6 Sampling Distribution of the Mean
The last two chapters has prepared us with foundation to start learning about statistical inference promised in Chapter 1. Recall that while descriptive statistics focuses on describing the sample data, inferential statistics tries to make conclusion about the population.

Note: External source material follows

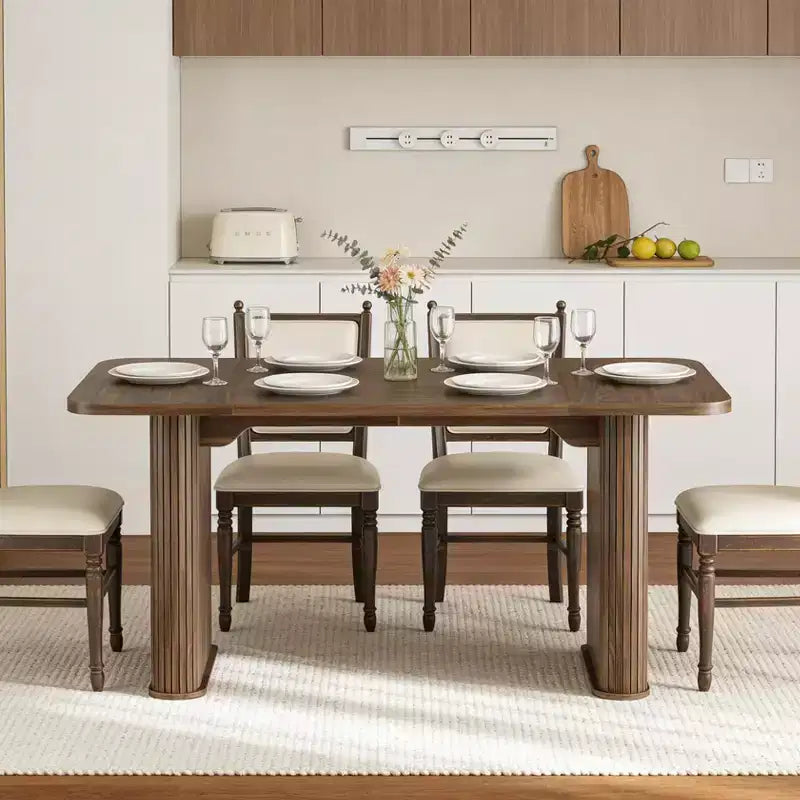 Tavolo da Pranzo per 6-8 Persone - Tavolo da Cucina Lungo Moderno da 62 pollici con Piano Grande e Gambe a Piedistallo Robuste, Tavolo da Pranzo Rettangolare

In this chapter, we will focus on the conclusion about the mean parameter in the population. Think about it: we usually want to ask questions like: What is the average height of Canadian men/women? How much does a Canadian earn on average? … In these cases, the mean of the population is exactly what we are interested in.
6.1 Sampling Distribution
6.1.1 Sample Random Variables
Consider a probabilistic experiment and \(n\) trials of that specific probabilistic experiment. Suppose we are interested in the random variable \(X\) of the probabilistic experiment. Since the outcome of each trial (run) is unknown unless we actually conduct the trials, the value of \(X\) for each trial is also unknown. Thus, they are also random variables, defined as follows.

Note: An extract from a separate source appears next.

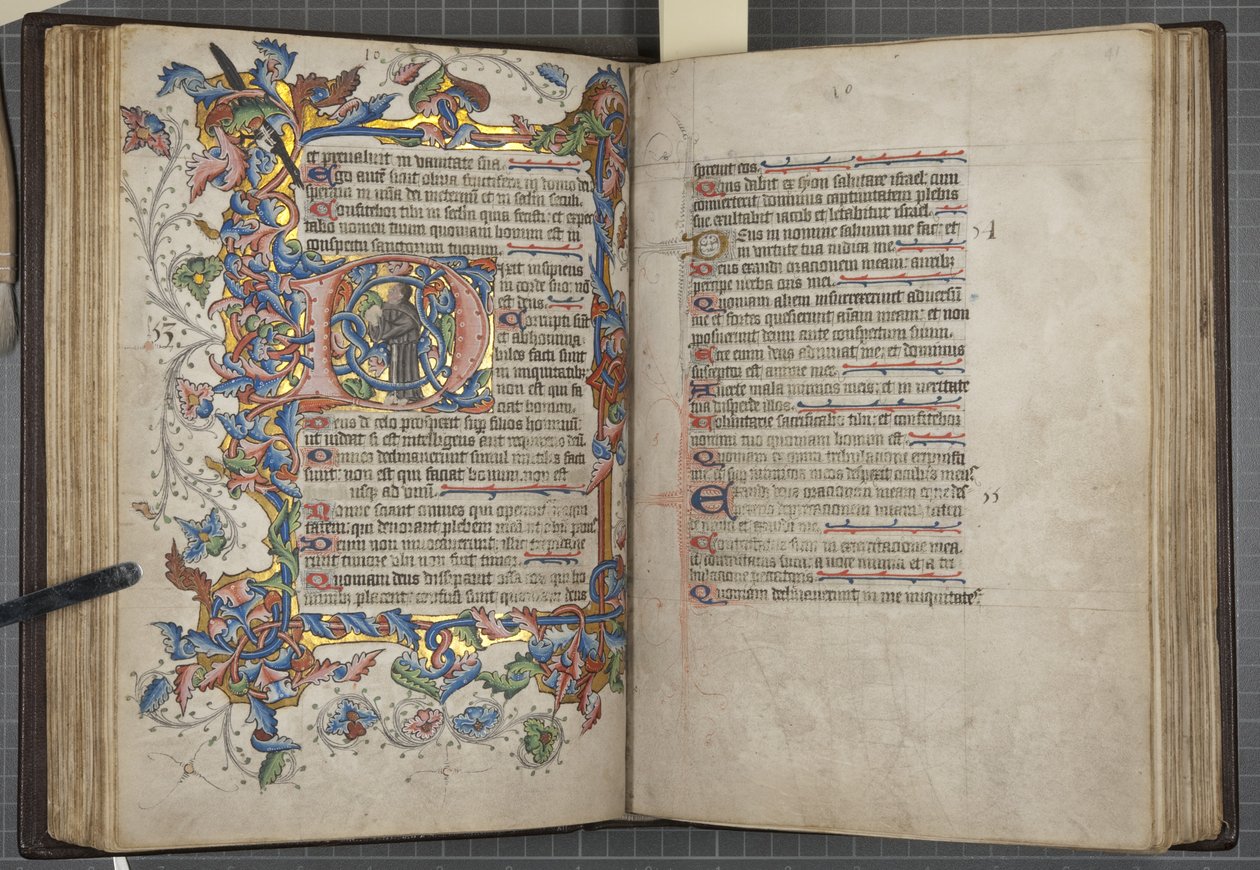 Sarumlu Zebur kullanım takvimi, Fol 40 verso 41 recto, c.1425-75 (parşömen üzerine mürekkep, boya ve altın) by English School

- \(X_1\): the value of \(X\) based on the outcome of the first trial - Because I do not know the outcome of the first trial unless I conduct it, the value of \(X\) for the first trial is random. So, \(X_1\) is a random variable according to Chapter 4.
 
- \(X_2\): the value of \(X\) based on the outcome of the second trial - Similar to \(X_1\), \(X_2\) is also a random variable
 
- … 
- \(X_n\): a variable based on the outcome of the \(n\)th trial 
Now \(X_1, X_2, ...., X_n\) are random variables. Their values are random (unknown).

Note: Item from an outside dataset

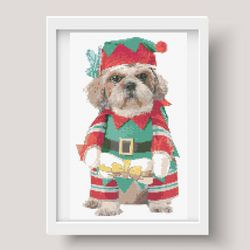 Cross stitch pattern, PDF, Dog dressed as a Christmas gnome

Example 6.1 Consider a familiar probabilistic experiment: tossing a coin and the variable \(X\) defined by \[X = \begin{cases} 1 & \text{if a head is obtained} \\ 0 & \text{if a tail is obtained} \end{cases}\]
If we toss \(n\) coins, i.e., if we have \(n\) trials of the coin tossing experiment, then
- \(X_1\): whether a head is obtained in the first trial 
- \(X_2\): whether a head is obtained in the second trial 
- … 
- \(X_n\): whether a head is obtained in the \(n\)th trial 
Example 6.2 Consider randomly selecting one student. I do not know who I will pick before I actually pick them. Hence, randomly picking one student is a probabilistic experiment. The student’s rent is the variable of interest and suppose we denote it as \(Y\). This is a random variable which is based on the student I pick, i.e., the outcome of my probabilistic experiment.
If I randomly select \(1000\) students. Then
- \(Y_1\): rent of the first student. 
- \(Y_2\): rent of the second student. 
- … 
- \(Y_{1000}\): rent of the \(1000\)th student. 
6.1.2 Independent Trials
\(n\) trials are said to be independent if the outcome of one trial does not affect the outcome of the another trial.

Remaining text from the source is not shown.